» **Your instructions**:
Write out the entire listing below exactly as it appears, minus any pictures.

» **Dataset excerpt**:
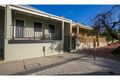Property photo of 33 Arundel Street Fremantle WA 6160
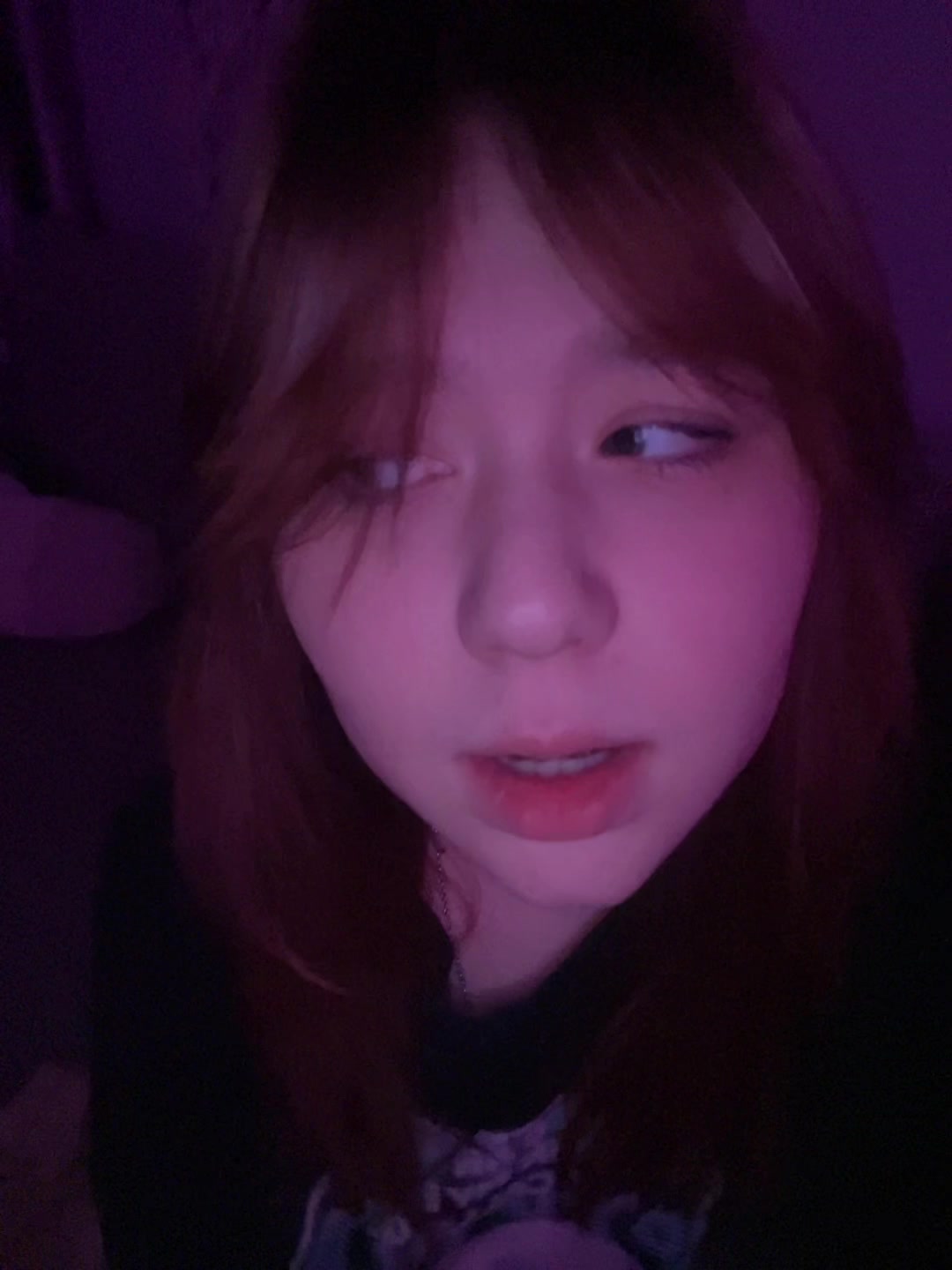 @lenoxxx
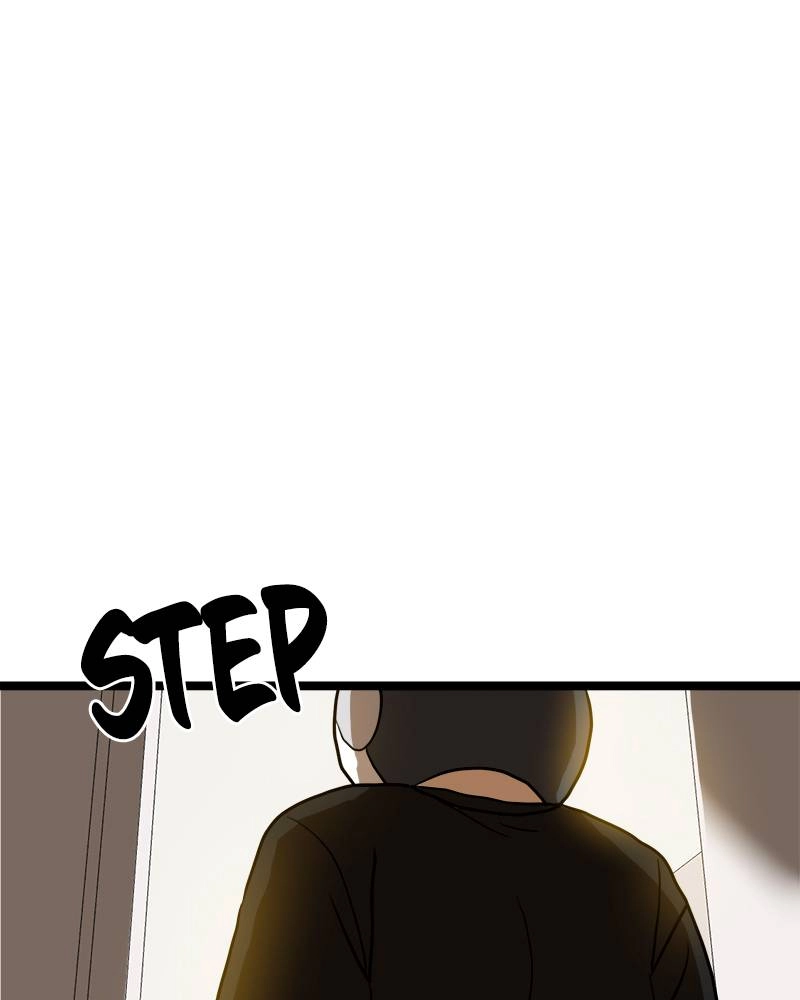 Double Click Chapter 42 - Page 159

» **Response to the task**:
Property photo of 33 Arundel Street Fremantle WA 6160
 @lenoxxx
 Double Click Chapter 42 - Page 159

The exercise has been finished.